The door handles are held in place by small spigots found between the flange of the handle and the door panel. These can be pushed out using a thin small screwdriver or a strong piece of wire.
The panels are held onto the door by panel clips. Push a flat ended screwdriver behind the panel to release the clips (Fig. 25). Note how the clips are fitted and positioned in your old panel then insert the new ones into your new panel.
Do not cut any holes for the handles at this stage. Proceed to clip the new panel onto the door, adjusting the clips where necessary. On early models with a chromed door handle, you will see the square spigot pushing into the vinyl material.
Cut across here with a sharp knife (Fig. 26) and the spigot will come through the material. Proceed by putting back the necessary hardware.
The seat belts can now be refitted. The carpet with the handbrake boot can also be fitted at this time, making sure carpet sits down well (Fig. 27).
We suggest that you apply glue to the edges that will lie on the floor, so that when you use the handbrake, the carpet piece does not move around.
Lay out the underfelt pieces on the floor and trim where necessary (Fig. 28). The rear floor carpets are not fixed in, but held down by the seat frames, so all you have to do with these is cut small holes for the insertion of the seat bolts.
The front footwell carpets are held in place by special carpet clips supplied with the kit. If you have the old studs in the floor to hold these clips use them, if not there are some new ones in the kit.
With the carpet in the correct position, mark with a piece of chalk on the carpet the center of the stud below it.
Now push the pronged piece centrally through the carpet (Fig. 29), turn it over and place the flange onto the spikes (Fig. 30) that are sticking through, then turn these spikes over to secure both pieces together.
You will need at least four clips per footwell (Fig. 31).
The seat frame brackets can now be reinstalled.
First separate the new left hand and right hand seat foams and seat covers. They are slightly different and should be marked left hand and right hand for positioning.
Keep one of the seats together to use as an example to check your work against until the first seat is completely recovered. Do not worry if the headrests do not come out at this stage.
Turn the seat upside down on the work bench and you will see that the seat tipping release mechanism is held in place by four Phillips screws (Fig. 32). Remove these screws, if possible, as they are generally rusted solid. If necessary drill the screw heads off to release the handle.
You will now see that the rear of the seat back cover is stuck to the frame.
Peel away and you will find some more flaps clipped to the frame by seat clips (Fig. 33). Remove these with your flat ended screwdriver and note how these flaps are situated.

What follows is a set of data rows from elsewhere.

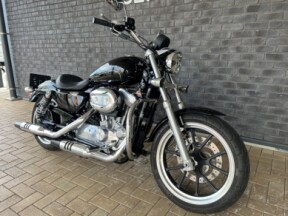 2016 Harley-Davidson® SuperLow® Vivid Black thumb 3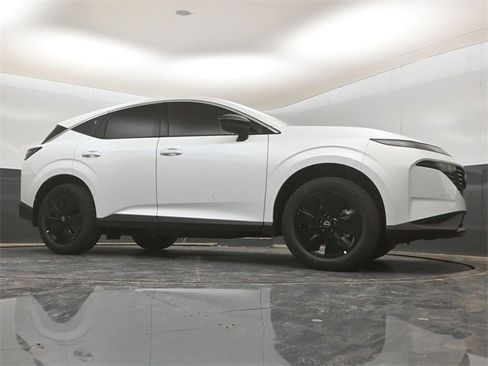 New 2025 Nissan Murano SV image 14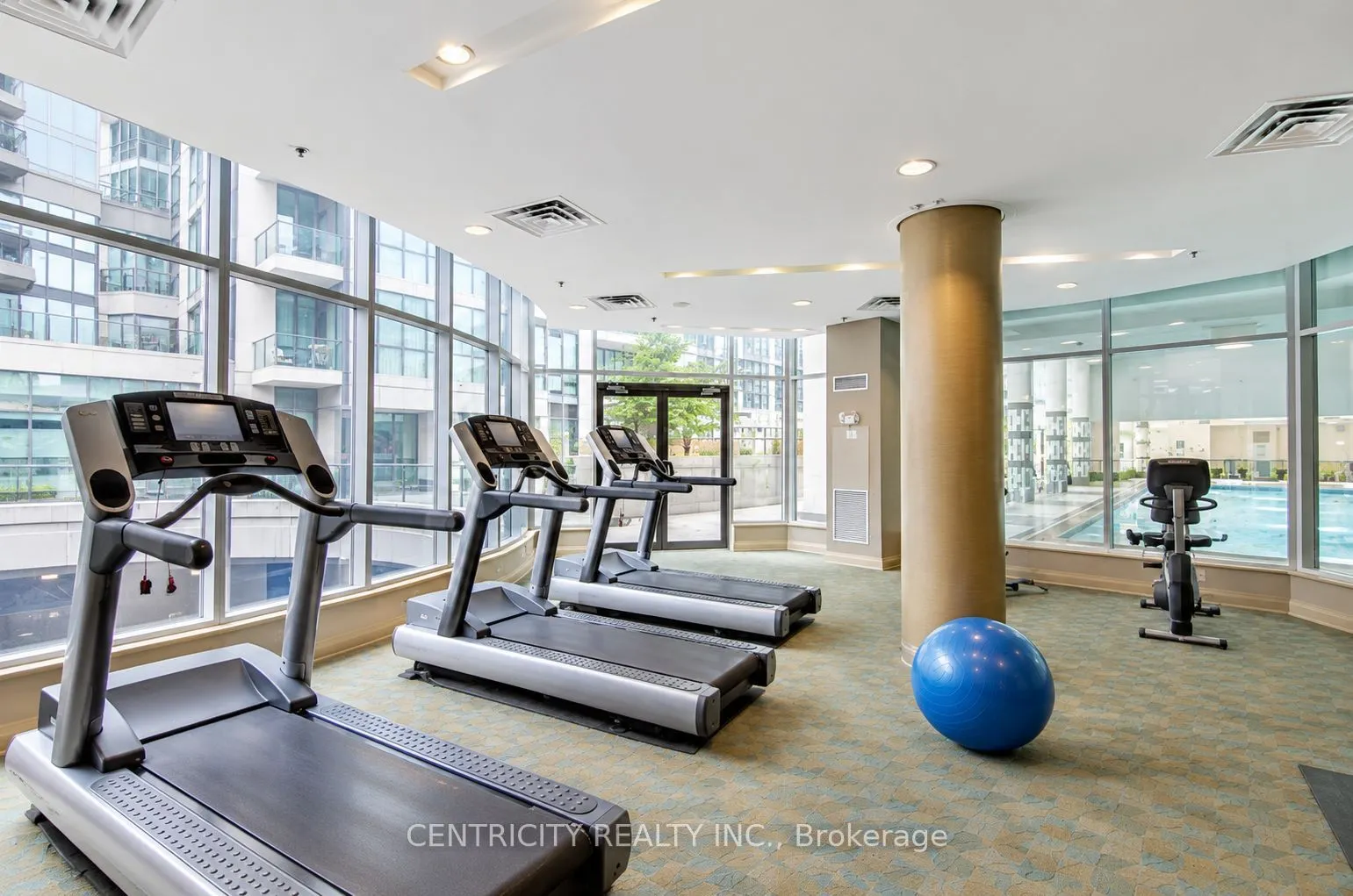 16 Yonge Street #1101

Now go to the bottom of the seat back side skirts which you will note are fairly solid.
At the bottom the cover has cardboard inserts with metal plates attached (Fig. 34), which in turn are clipped into brackets on the seat frame.
To release these, pull down and they will come free. Pull the cover free from the bottom of the seat and then from the front pull out the internal flap which is inserted through the foam cushion.

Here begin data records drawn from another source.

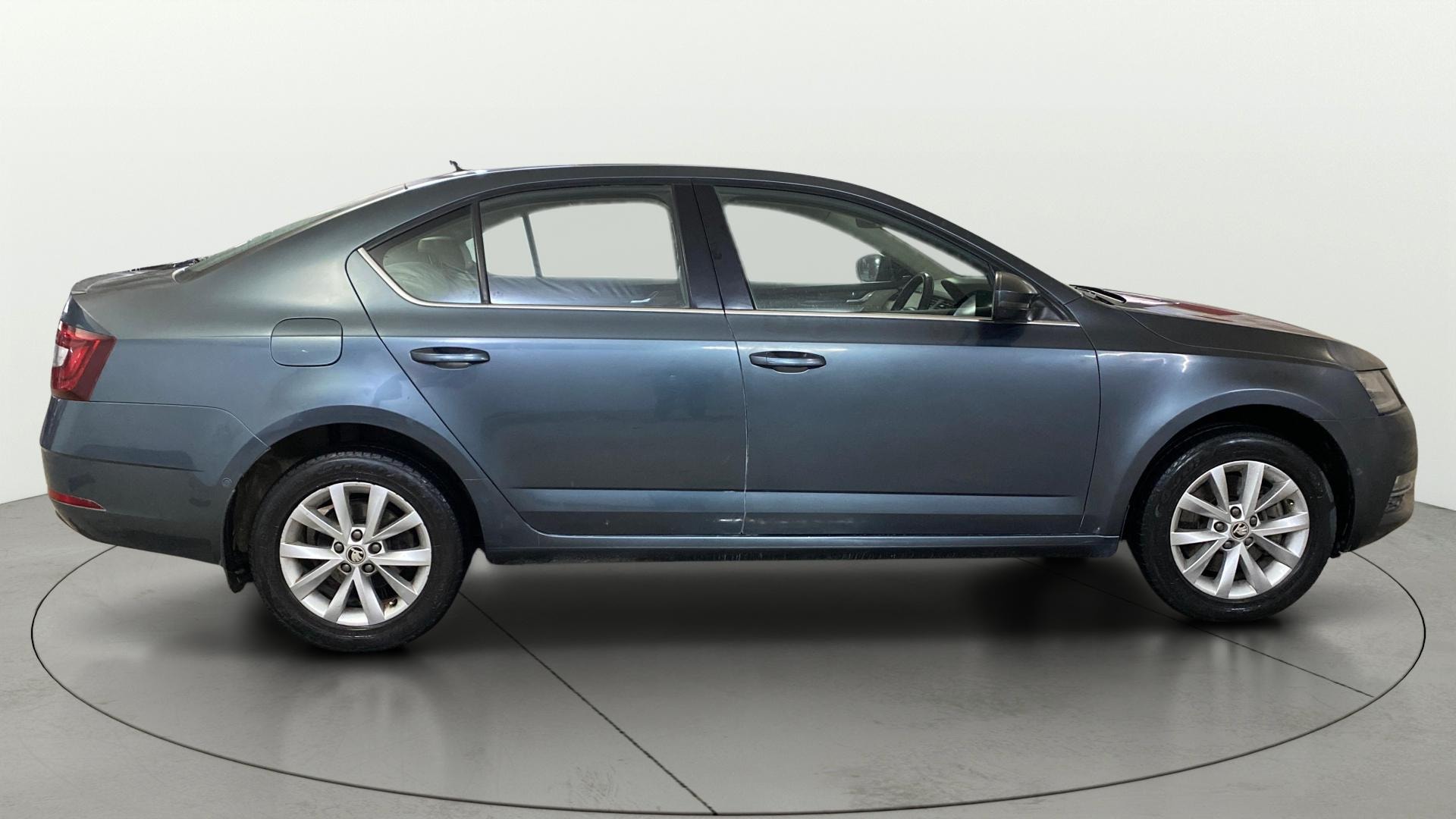 View 2018 Skoda Octavia 1.8 Style Plus TSI AT Image 9 Used 2018 Skoda Octavia 1.8 Style Plus TSI AT Image 9
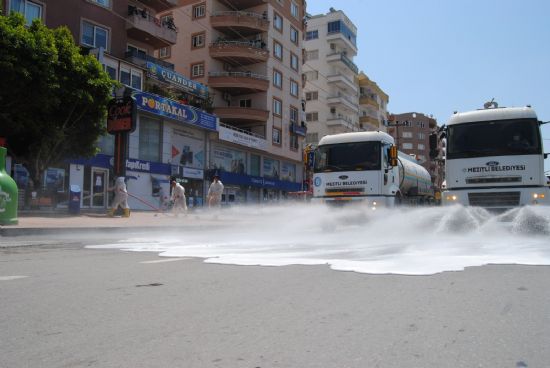 Mezitlide cadde ve sokaklar ykand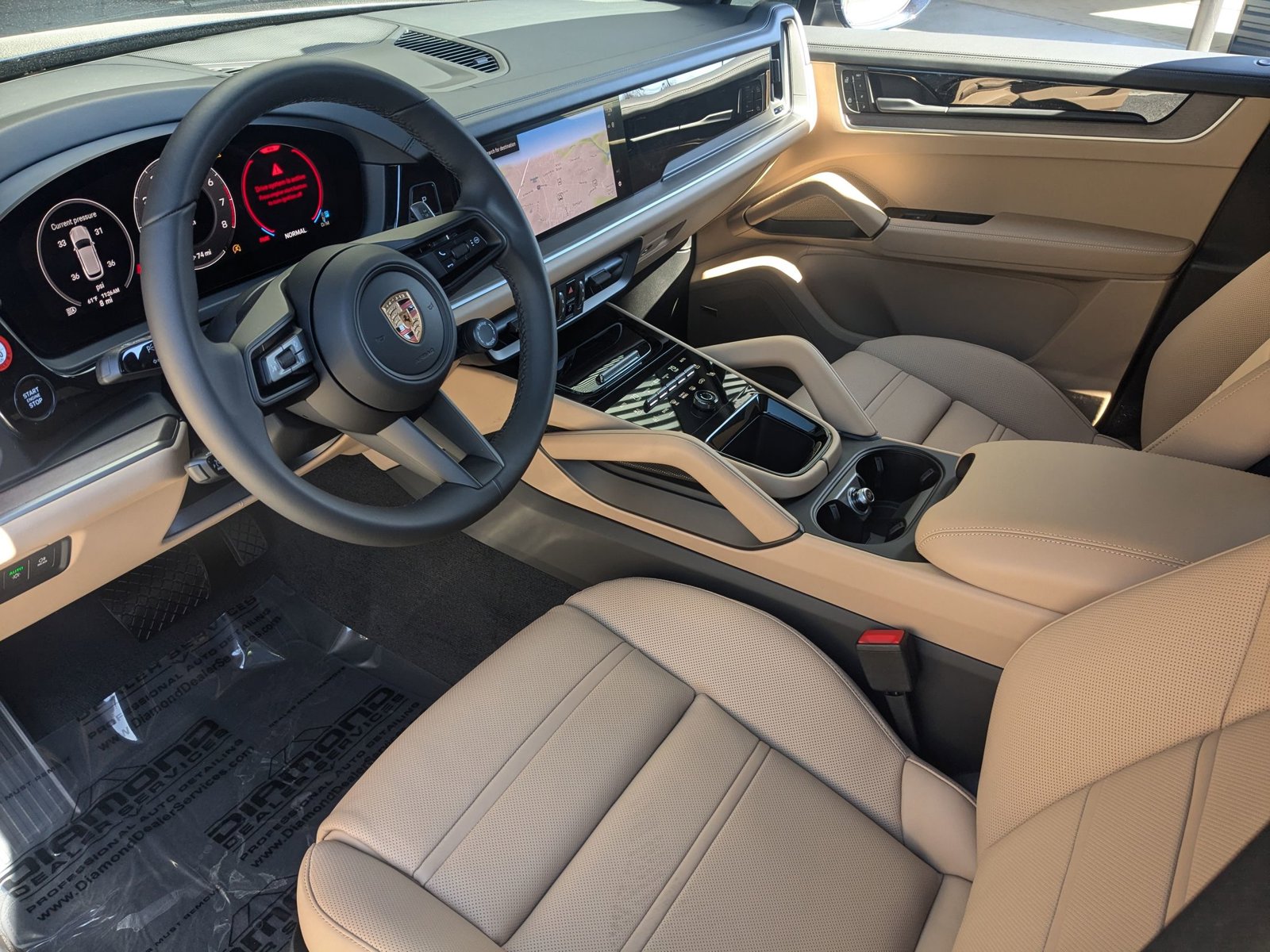2025 Porsche Cayenne photo 4
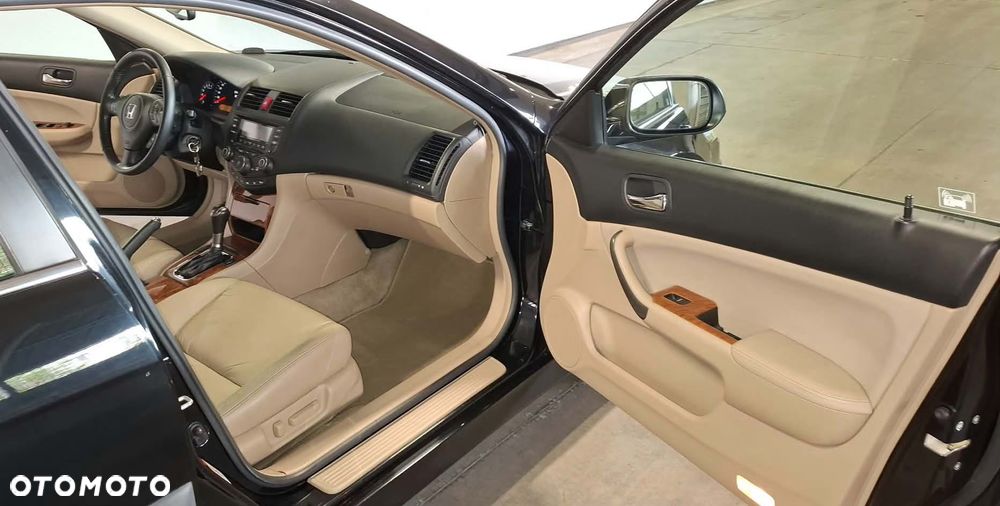 Honda Accord 2.0 Executive - 19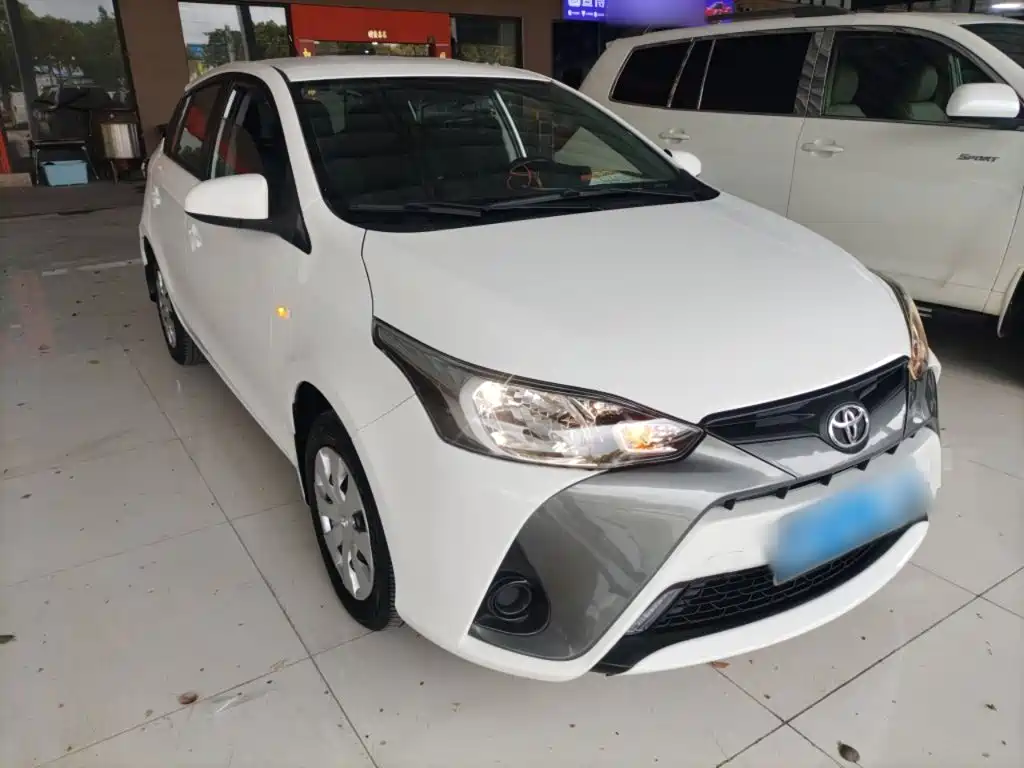Toyota Yaris L 2019 — фото 22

The cover can now be pulled up (Fig. 35) until you come to the headrest which should still be in place. Peel the cover up and over the headrest stalk and you will see a spring clip coming out of the stalk. Press this in with a screwdriver and the headrest will pull out. Remove the seat back foam from the frame.
Now you can remove the base cover assembly. Note how it is held onto the frame by seat clips which can now be removed (Fig. 36).
Peel the unclipped skirt up and over to see how the cover is attached to the foam cushion (Fig. 37). The frame foam wrap can also be removed as can the seat diaphragm (Fig. 38). Finish dismantling by inspecting the frame and carry out any repairs, etc., before cleaning and painting.
We are assuming that along with the new seat covers, you will also be fitting new seat base diaphragms, base and seat back foam cushions. It may be necessary to also fit new seat back straps, but usually these are in reasonable condition and may only need repairing if they have lost tension.
When fitting the new base diaphragm (Fig. 39) we suggest you clamp frame to the workbench for safety reasons. Strong pliers are recommended.
A foam wrap, included in foam kit, is adhered to the base frame under the seat foam. Apply adhesive to both surfaces and stick as shown (Fig. 40).
The base seat cover has cotton calico flaps around the center fluted area. These need to be stuck under the raised edges of the foam (Fig. 41).
Slit the foam enough to allow these flaps to be tucked under and glued (Fig. 42) making sure the cover is central on the foam cushion (Fig. 43).
The foam with its loose cover can now be adhered to the frame (Fig. 44). Allow to dry. Roll the skirt over the foam. This will give you an idea how the finished base will look and where to cut to allow the skirt to go around the frame.
Peel back the skirt and glue both the calico flap and the top of the foam as shown (Fig. 45) and allow to dry.
Pull over the skirt again (Fig. 46) and tension and clip in place (Fig. 47).
The rear flap goes under the reclining mechanism main spring that runs along the rear of the frame (Fig. 48) and is clipped and glued into place (Fig. 49).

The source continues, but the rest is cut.